Assigned task: Excluding pictures, transcribe precisely the lines from the one containing "If the flow" to the final line of the listing below, inclusive, and nothing more.

Source data:
▶
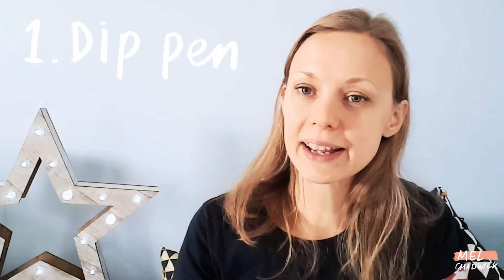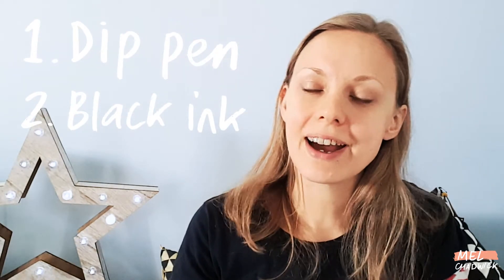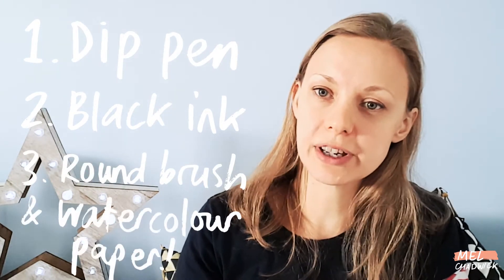So the materials I'm using are a dip pen, black ink — which will probably be Magic Colour, it flows really well — and also a round brush. So a really basic toolkit for this. I wanted to keep it really simple so that I could focus on the illustrations. Every day I will be uploading a new day and sharing them with you guys. I'll also be sharing this on Instagram, and my handle is Melanie underscore Chadwick. So make sure you come and follow me on there and say hello.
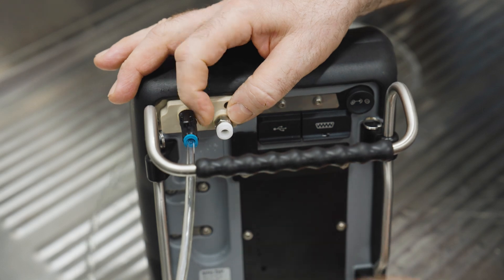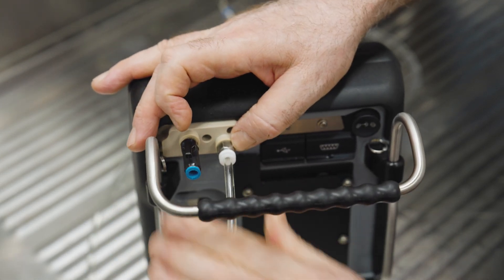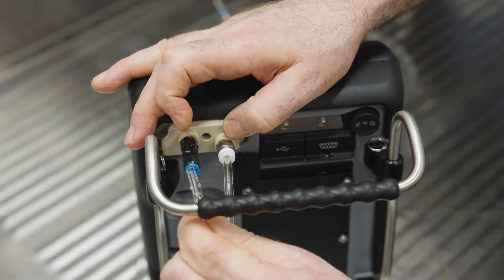If the flow is blocked, clean the filter and perform a back flush. Swap the sample inlet and outlet hoses and repeat the rinsing steps.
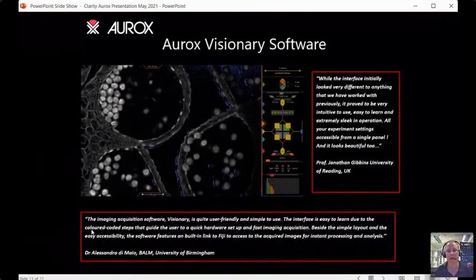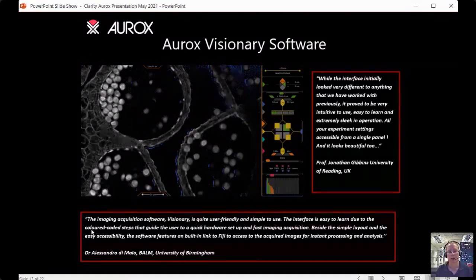I mentioned ease of use. Most of the ease of use comes from the system being small and laser-free — no extra training needed. We developed the Aurox Visionary software to be very simple so anyone can use it, whether a student or a biologist. You don't need advanced knowledge of confocal microscopy. Most people are surprised at how different it looks compared to traditional confocal software, but within five minutes they're using it unaided.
◀
Reply to the task:
If the flow is blocked, clean the filter and perform a back flush. Swap the sample inlet and outlet hoses and repeat the rinsing steps.
I mentioned ease of use. Most of the ease of use comes from the system being small and laser-free — no extra training needed. We developed the Aurox Visionary software to be very simple so anyone can use it, whether a student or a biologist. You don't need advanced knowledge of confocal microscopy. Most people are surprised at how different it looks compared to traditional confocal software, but within five minutes they're using it unaided.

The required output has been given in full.